タイガーがティーショットでやればスティンガーと呼ばれたりもする、アマチュアが憧れるかっこいいショット。現に全英オープンが終わってから、周りのアマチュアゴルファーから一番多く聞かれたのが、このフィニッシュを抑えたノックダウンショットについてだった。

画像: 風が強いカーヌスティではティショットからアイアンを持ち、“スティンガー”と呼ばれるノックダウンショットを打っていたタイガー・ウッズ(写真は2018年の全英オープン)

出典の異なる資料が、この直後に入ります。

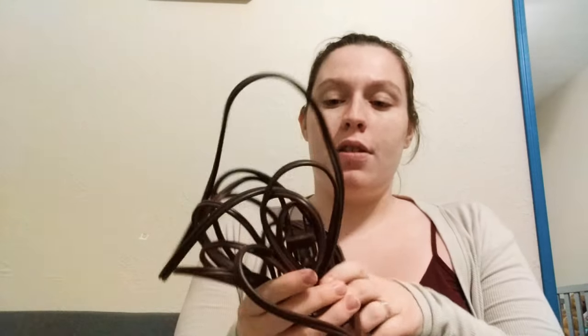I have two extension cords — they're a bit tangled. We got a tour of the hospital and the outlets are very far from the bed and even the pull-out couch my husband will be sleeping on, so that way we can charge phones and charge the laptop.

風が強いカーヌスティではティショットからアイアンを持ち、“スティンガー”と呼ばれるノックダウンショットを打っていたタイガー・ウッズ(写真は2018年の全英オープン)

ゴルフファンなら誰もが試したことがあるであろうこのショットだが、私なりにその打ち方を解説してみる。全英オープンのような、風が強いリンクスコースでは威力を発揮するのがこのショットなのだが、その目的は球の高さを抑え風の影響をできるだけ低くし、ターゲットにより安全に運ぶことだ。

球を低く打つということでトッププレーヤーはフィニッシュも抑え、そして低くなっている。これをこのままテクニックとヘッドスピードのないアマチュアがやると……結果は誰もが経験したことあるだろう、引っ掛けた球だ。

では、その原因を説明する。トッププレイヤーはその速いヘッドスピードに、さらにしっかりとハンドファーストでインパクトできている。ノックダウンショットの鍵はまずこのハンドファーストのインパクトにあるのだ。ハンドファーストでインパクトすることにより、球はそのプレーンよりやや右に飛び出していく。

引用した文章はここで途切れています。